*Aim of the task*: Repeat each record below exactly as it is written.

*Dataset records*:
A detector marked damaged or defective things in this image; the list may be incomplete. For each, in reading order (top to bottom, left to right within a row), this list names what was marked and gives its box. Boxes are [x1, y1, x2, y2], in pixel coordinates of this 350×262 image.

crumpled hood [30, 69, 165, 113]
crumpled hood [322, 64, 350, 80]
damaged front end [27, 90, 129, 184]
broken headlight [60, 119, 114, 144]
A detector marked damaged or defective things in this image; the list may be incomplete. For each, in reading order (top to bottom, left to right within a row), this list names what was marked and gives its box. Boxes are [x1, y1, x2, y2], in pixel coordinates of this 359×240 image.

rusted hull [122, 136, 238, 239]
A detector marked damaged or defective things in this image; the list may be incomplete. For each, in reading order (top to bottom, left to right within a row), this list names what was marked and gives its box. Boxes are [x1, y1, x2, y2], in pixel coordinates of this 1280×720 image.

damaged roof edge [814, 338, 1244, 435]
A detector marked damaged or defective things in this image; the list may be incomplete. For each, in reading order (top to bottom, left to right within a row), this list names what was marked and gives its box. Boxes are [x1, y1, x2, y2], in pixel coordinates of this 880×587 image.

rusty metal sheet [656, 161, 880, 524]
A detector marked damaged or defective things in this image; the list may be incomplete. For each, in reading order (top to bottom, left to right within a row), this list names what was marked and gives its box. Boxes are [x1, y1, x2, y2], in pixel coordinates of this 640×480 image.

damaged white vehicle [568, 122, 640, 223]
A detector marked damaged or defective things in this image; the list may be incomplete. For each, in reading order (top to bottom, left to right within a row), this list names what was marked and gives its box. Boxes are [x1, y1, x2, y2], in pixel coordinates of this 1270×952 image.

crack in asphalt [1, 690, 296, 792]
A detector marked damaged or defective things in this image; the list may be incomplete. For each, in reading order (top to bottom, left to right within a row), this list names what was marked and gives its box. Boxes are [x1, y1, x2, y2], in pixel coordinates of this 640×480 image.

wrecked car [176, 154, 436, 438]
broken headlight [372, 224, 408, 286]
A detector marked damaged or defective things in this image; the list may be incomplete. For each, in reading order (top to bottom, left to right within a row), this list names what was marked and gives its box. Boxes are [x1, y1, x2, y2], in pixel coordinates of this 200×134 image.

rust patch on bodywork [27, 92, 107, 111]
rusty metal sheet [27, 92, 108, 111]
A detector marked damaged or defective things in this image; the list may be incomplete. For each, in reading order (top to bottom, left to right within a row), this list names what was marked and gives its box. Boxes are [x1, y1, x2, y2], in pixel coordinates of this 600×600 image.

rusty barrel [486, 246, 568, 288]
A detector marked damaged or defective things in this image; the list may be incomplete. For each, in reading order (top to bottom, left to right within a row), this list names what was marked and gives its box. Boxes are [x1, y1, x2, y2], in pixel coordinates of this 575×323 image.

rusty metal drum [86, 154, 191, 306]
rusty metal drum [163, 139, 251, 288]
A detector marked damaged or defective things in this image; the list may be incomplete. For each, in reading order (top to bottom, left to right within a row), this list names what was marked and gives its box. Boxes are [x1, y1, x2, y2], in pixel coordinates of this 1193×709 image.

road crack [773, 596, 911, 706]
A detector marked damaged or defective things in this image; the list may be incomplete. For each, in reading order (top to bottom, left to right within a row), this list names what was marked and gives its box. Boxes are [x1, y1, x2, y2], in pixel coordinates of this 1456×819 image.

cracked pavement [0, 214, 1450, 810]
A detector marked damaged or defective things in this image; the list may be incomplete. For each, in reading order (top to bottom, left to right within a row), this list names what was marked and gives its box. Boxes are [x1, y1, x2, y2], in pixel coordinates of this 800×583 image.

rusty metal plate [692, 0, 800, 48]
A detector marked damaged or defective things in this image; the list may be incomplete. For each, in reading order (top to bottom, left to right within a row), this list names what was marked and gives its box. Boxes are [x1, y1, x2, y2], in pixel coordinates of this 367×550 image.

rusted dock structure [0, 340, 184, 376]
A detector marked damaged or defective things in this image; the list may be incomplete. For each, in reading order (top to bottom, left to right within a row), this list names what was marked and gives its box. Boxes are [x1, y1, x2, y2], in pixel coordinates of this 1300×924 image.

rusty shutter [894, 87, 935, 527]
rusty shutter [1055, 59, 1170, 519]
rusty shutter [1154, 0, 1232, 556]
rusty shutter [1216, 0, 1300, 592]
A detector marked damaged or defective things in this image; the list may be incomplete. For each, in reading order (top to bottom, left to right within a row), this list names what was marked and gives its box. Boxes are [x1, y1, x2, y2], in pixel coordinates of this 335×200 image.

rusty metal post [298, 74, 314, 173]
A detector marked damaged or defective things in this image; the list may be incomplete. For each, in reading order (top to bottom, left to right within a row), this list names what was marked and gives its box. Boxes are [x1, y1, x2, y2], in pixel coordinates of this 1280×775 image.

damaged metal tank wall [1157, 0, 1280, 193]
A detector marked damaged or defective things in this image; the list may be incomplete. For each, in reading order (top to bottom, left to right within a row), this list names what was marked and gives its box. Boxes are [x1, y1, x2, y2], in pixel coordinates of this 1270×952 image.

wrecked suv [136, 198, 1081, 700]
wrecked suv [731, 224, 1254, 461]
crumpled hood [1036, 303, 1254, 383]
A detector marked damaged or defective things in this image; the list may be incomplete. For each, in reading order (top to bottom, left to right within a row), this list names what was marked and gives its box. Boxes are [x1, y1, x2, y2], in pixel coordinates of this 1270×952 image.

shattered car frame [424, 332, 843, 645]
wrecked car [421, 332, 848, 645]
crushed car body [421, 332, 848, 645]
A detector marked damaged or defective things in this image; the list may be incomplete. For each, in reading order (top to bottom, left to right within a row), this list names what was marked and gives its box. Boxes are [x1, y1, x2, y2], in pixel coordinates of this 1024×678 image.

*Task response*:
A detector marked damaged or defective things in this image; the list may be incomplete. For each, in reading order (top to bottom, left to right within a row), this list names what was marked and gives its box. Boxes are [x1, y1, x2, y2], in pixel coordinates of this 350×262 image.

crumpled hood [30, 69, 165, 113]
crumpled hood [322, 64, 350, 80]
damaged front end [27, 90, 129, 184]
broken headlight [60, 119, 114, 144]
A detector marked damaged or defective things in this image; the list may be incomplete. For each, in reading order (top to bottom, left to right within a row), this list names what was marked and gives its box. Boxes are [x1, y1, x2, y2], in pixel coordinates of this 359×240 image.

rusted hull [122, 136, 238, 239]
A detector marked damaged or defective things in this image; the list may be incomplete. For each, in reading order (top to bottom, left to right within a row), this list names what was marked and gives its box. Boxes are [x1, y1, x2, y2], in pixel coordinates of this 1280×720 image.

damaged roof edge [814, 338, 1244, 435]
A detector marked damaged or defective things in this image; the list may be incomplete. For each, in reading order (top to bottom, left to right within a row), this list names what was marked and gives its box. Boxes are [x1, y1, x2, y2], in pixel coordinates of this 880×587 image.

rusty metal sheet [656, 161, 880, 524]
A detector marked damaged or defective things in this image; the list may be incomplete. For each, in reading order (top to bottom, left to right within a row), this list names what was marked and gives its box. Boxes are [x1, y1, x2, y2], in pixel coordinates of this 640×480 image.

damaged white vehicle [568, 122, 640, 223]
A detector marked damaged or defective things in this image; the list may be incomplete. For each, in reading order (top to bottom, left to right within a row), this list names what was marked and gives its box. Boxes are [x1, y1, x2, y2], in pixel coordinates of this 1270×952 image.

crack in asphalt [1, 690, 296, 792]
A detector marked damaged or defective things in this image; the list may be incomplete. For each, in reading order (top to bottom, left to right within a row), this list names what was marked and gives its box. Boxes are [x1, y1, x2, y2], in pixel coordinates of this 640×480 image.

wrecked car [176, 154, 436, 438]
broken headlight [372, 224, 408, 286]
A detector marked damaged or defective things in this image; the list may be incomplete. For each, in reading order (top to bottom, left to right within a row), this list names what was marked and gives its box. Boxes are [x1, y1, x2, y2], in pixel coordinates of this 200×134 image.

rust patch on bodywork [27, 92, 107, 111]
rusty metal sheet [27, 92, 108, 111]
A detector marked damaged or defective things in this image; the list may be incomplete. For each, in reading order (top to bottom, left to right within a row), this list names what was marked and gives its box. Boxes are [x1, y1, x2, y2], in pixel coordinates of this 600×600 image.

rusty barrel [486, 246, 568, 288]
A detector marked damaged or defective things in this image; the list may be incomplete. For each, in reading order (top to bottom, left to right within a row), this list names what was marked and gives its box. Boxes are [x1, y1, x2, y2], in pixel coordinates of this 575×323 image.

rusty metal drum [86, 154, 191, 306]
rusty metal drum [163, 139, 251, 288]
A detector marked damaged or defective things in this image; the list may be incomplete. For each, in reading order (top to bottom, left to right within a row), this list names what was marked and gives its box. Boxes are [x1, y1, x2, y2], in pixel coordinates of this 1193×709 image.

road crack [773, 596, 911, 706]
A detector marked damaged or defective things in this image; the list may be incomplete. For each, in reading order (top to bottom, left to right within a row), this list names what was marked and gives its box. Boxes are [x1, y1, x2, y2], in pixel coordinates of this 1456×819 image.

cracked pavement [0, 214, 1450, 810]
A detector marked damaged or defective things in this image; the list may be incomplete. For each, in reading order (top to bottom, left to right within a row), this list names what was marked and gives its box. Boxes are [x1, y1, x2, y2], in pixel coordinates of this 800×583 image.

rusty metal plate [692, 0, 800, 48]
A detector marked damaged or defective things in this image; the list may be incomplete. For each, in reading order (top to bottom, left to right within a row), this list names what was marked and gives its box. Boxes are [x1, y1, x2, y2], in pixel coordinates of this 367×550 image.

rusted dock structure [0, 340, 184, 376]
A detector marked damaged or defective things in this image; the list may be incomplete. For each, in reading order (top to bottom, left to right within a row), this list names what was marked and gives its box. Boxes are [x1, y1, x2, y2], in pixel coordinates of this 1300×924 image.

rusty shutter [894, 87, 935, 527]
rusty shutter [1055, 59, 1170, 519]
rusty shutter [1154, 0, 1232, 556]
rusty shutter [1216, 0, 1300, 592]
A detector marked damaged or defective things in this image; the list may be incomplete. For each, in reading order (top to bottom, left to right within a row), this list names what was marked and gives its box. Boxes are [x1, y1, x2, y2], in pixel coordinates of this 335×200 image.

rusty metal post [298, 74, 314, 173]
A detector marked damaged or defective things in this image; the list may be incomplete. For each, in reading order (top to bottom, left to right within a row), this list names what was marked and gives its box. Boxes are [x1, y1, x2, y2], in pixel coordinates of this 1280×775 image.

damaged metal tank wall [1157, 0, 1280, 193]
A detector marked damaged or defective things in this image; the list may be incomplete. For each, in reading order (top to bottom, left to right within a row), this list names what was marked and gives its box. Boxes are [x1, y1, x2, y2], in pixel coordinates of this 1270×952 image.

wrecked suv [136, 198, 1081, 700]
wrecked suv [731, 224, 1254, 461]
crumpled hood [1036, 303, 1254, 383]
A detector marked damaged or defective things in this image; the list may be incomplete. For each, in reading order (top to bottom, left to right within a row), this list names what was marked and gives its box. Boxes are [x1, y1, x2, y2], in pixel coordinates of this 1270×952 image.

shattered car frame [424, 332, 843, 645]
wrecked car [421, 332, 848, 645]
crushed car body [421, 332, 848, 645]
A detector marked damaged or defective things in this image; the list may be incomplete. For each, in reading order (top to bottom, left to right within a row), this list names what was marked and gives its box. Boxes are [x1, y1, x2, y2], in pixel coordinates of this 1024×678 image.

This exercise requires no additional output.